Resilience: The New Priority for Your Security ModelCorelight CEO Brian Dye on Getting the 'Ground Truth' and Disrupting Attackers
Security leaders focus on protection and detection, but the new priority is resilience.
Resilience is about buying time to deal with "low and slow" attacks, being able to disrupt such attacks, and putting a premium on your capability to respond to threats that got past your detection capabilities, according to Brian Dye, CEO of Corelight.

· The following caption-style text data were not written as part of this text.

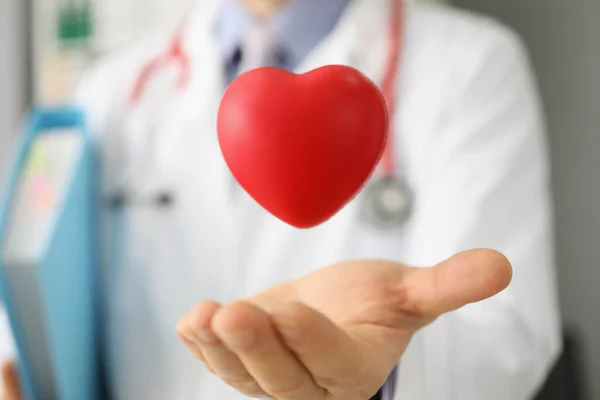 Cardiologul aruncă inima roșie din plastic și o prinde în palmă, salvează viața prin donație sau activitate caritabilă — Fotografie, imagine de stoc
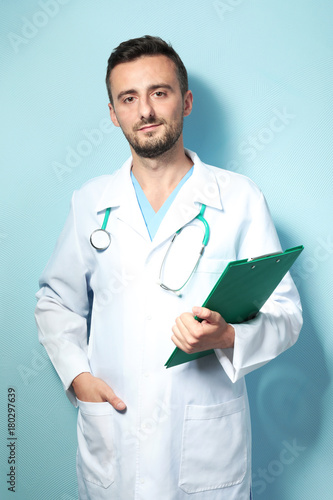 Male doctor with clipboard ...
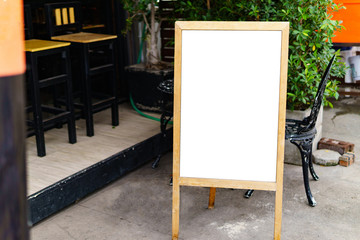 The white blank sheet is placed on located in front of a coffee shop.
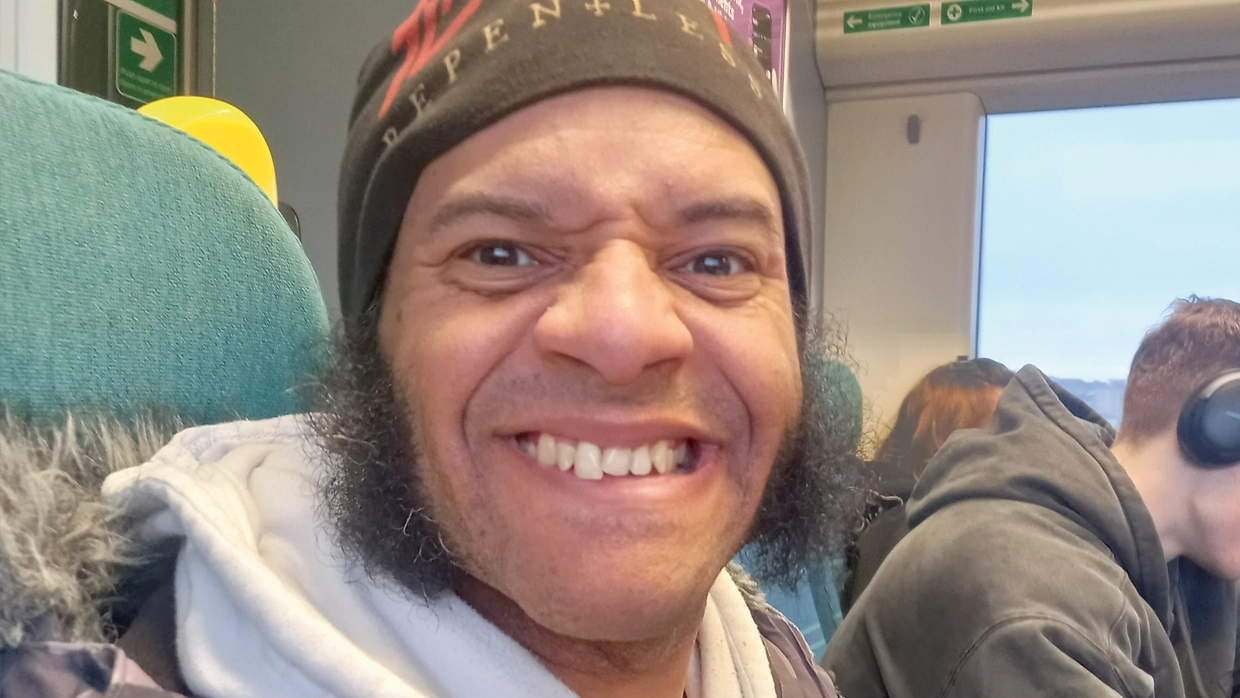a-smiling-man-in-a-beanie-and-hoodie-takes-a-selfie-while-traveling-on-a-train.webp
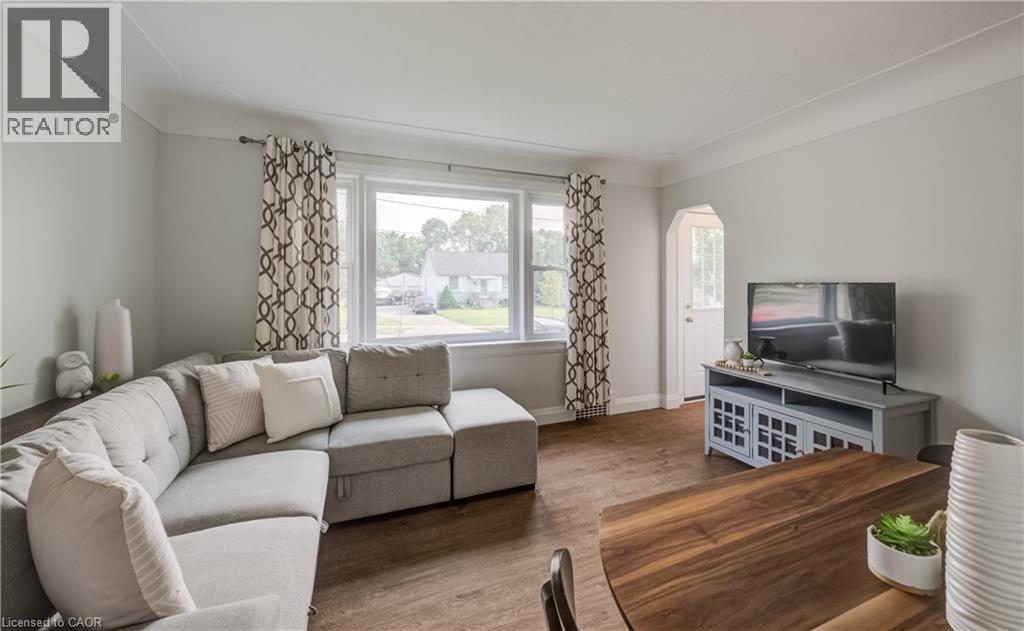 Spacious living area featuring large windows with natural light, wood-finish flooring, light gray walls, and an arched entryway - 55 Rex Drive, Kitchener, ON - Indoor Photo Showing Living Room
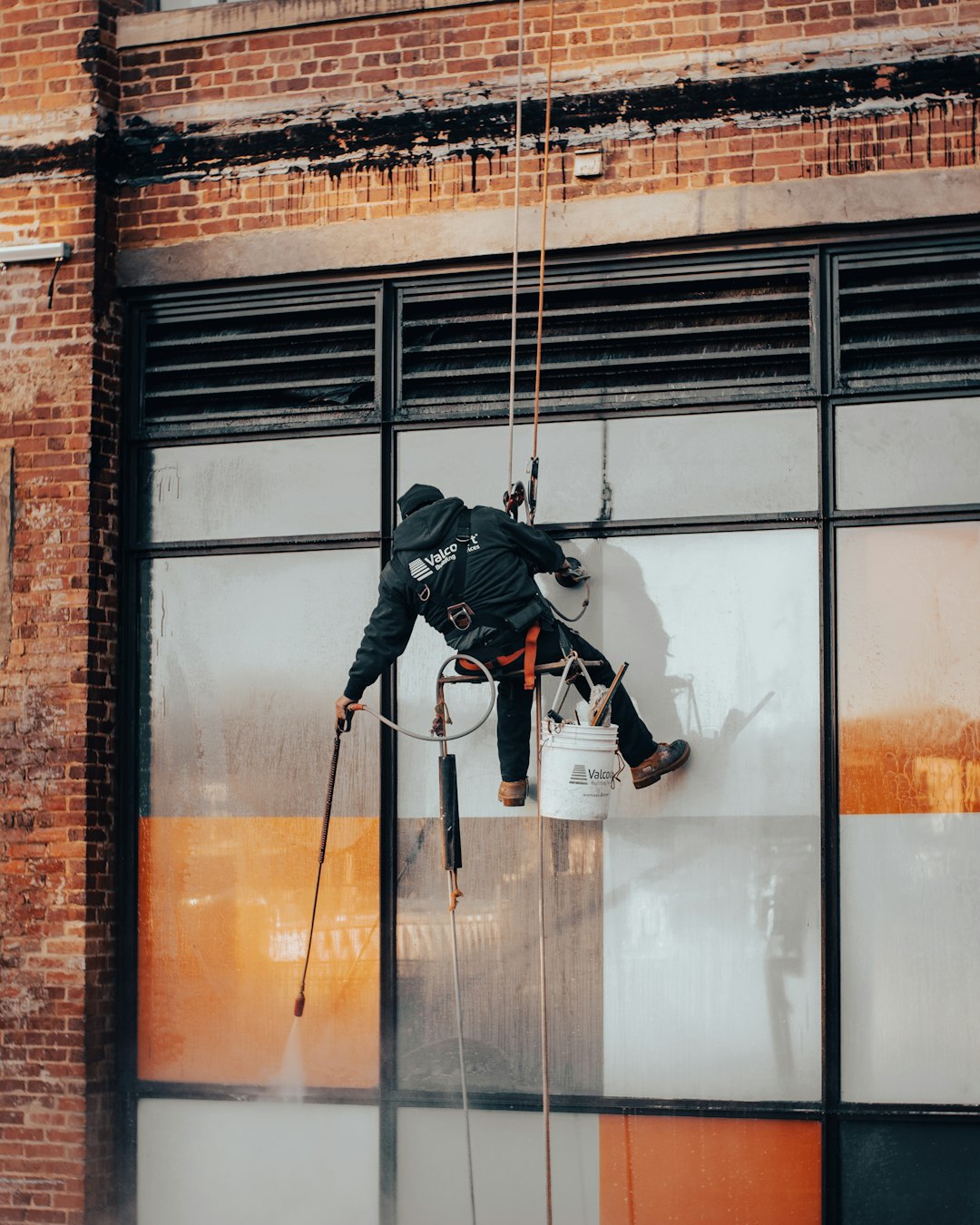 creative-03 a-man-hanging-from-a-rope-on-the-side-of-a-building-kvuojdphbc0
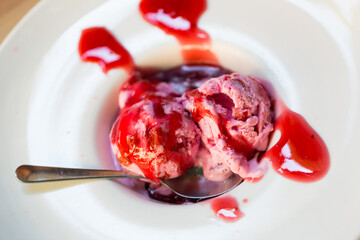 Closeup of ice cream with succades and fruit syrup on white plate with spoon..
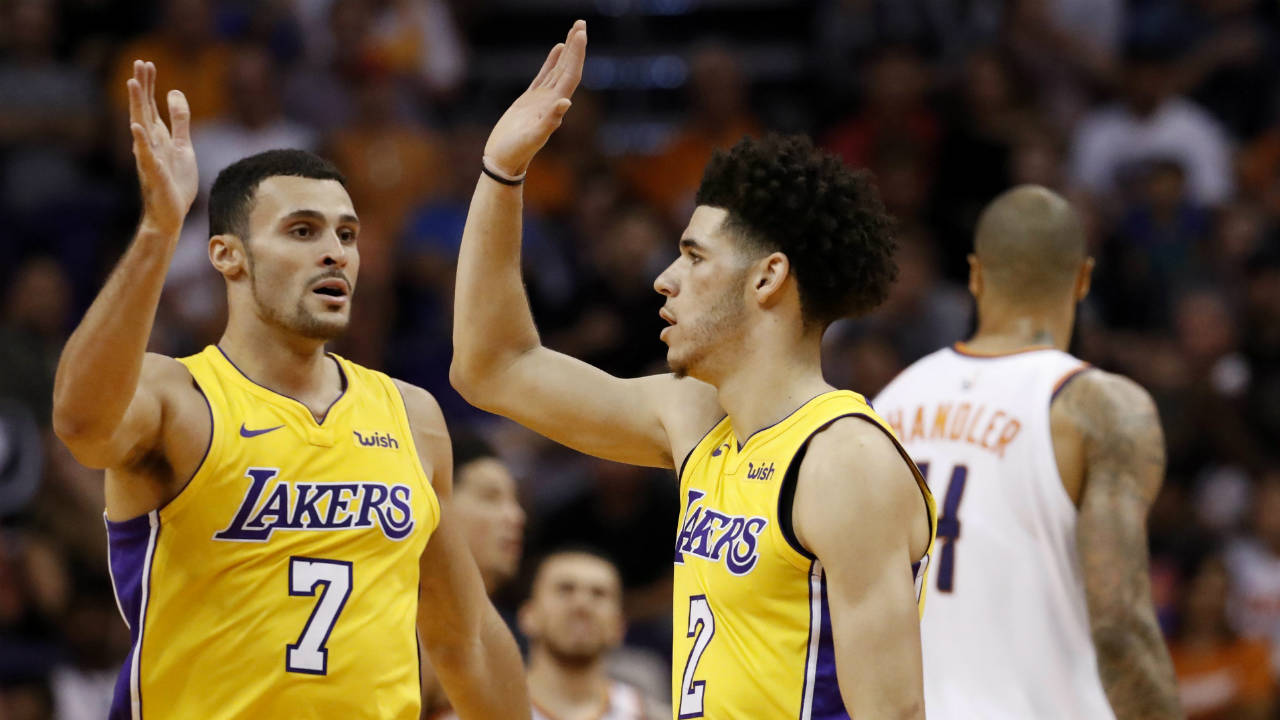 Los-Angeles-Lakers-guard-Lonzo-Ball-(2)-and-forward-Larry-Nance-Jr.-(7)-high-five-during-the-second-half-of-an-NBA-basketball-game-against-the-Phoenix-Suns,-Friday,-Oct.-20,-2017,-in-Phoenix.-(Matt-York/AP)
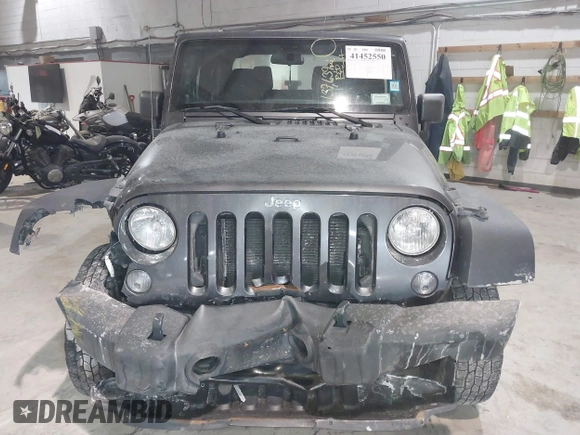 2014 Jeep Wrangler Sport with VIN 1C4AJWAG6EL167579, listed as a IAAI auction lot 41801276 with 137,639 mi miles and . Bid and sale history available at DreamBid. Image 6.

A resilience strategy should "get the real 'ground truth' of what has happened" in the attack, Dye said, and the incident response team should treat "telemetry, logging and visibility as ... part of their security strategy." The "ground truth" is the information you know to be real and true because you have directly observed it or measured it. This truth should be "a complement to your other technologies," Dye said.
In this episode of CyberEd.io's podcast series "Cybersecurity Insights," Dye also discussed:
- The interrelationships between the CISO, CIO and CFO - especially in organizations that have a low tolerance for risk;
- How the fact that Corelight is an open-source based company makes it compatible with ChatGPT;
- Why "every security provider should be using large language models to automate SOC workflows."
Dye has leadership experience across both scaled and newly developed product lines, including infrastructure security, information security, cloud security services and security management. Prior to Corelight, he was executive vice president of the Corporate Products Group at McAfee. Before that, he led the Mobile Platforms Group at Citrix. Dye also served for more than a decade at Symantec Corp., where he attained the position of senior vice president of the Information Security Group.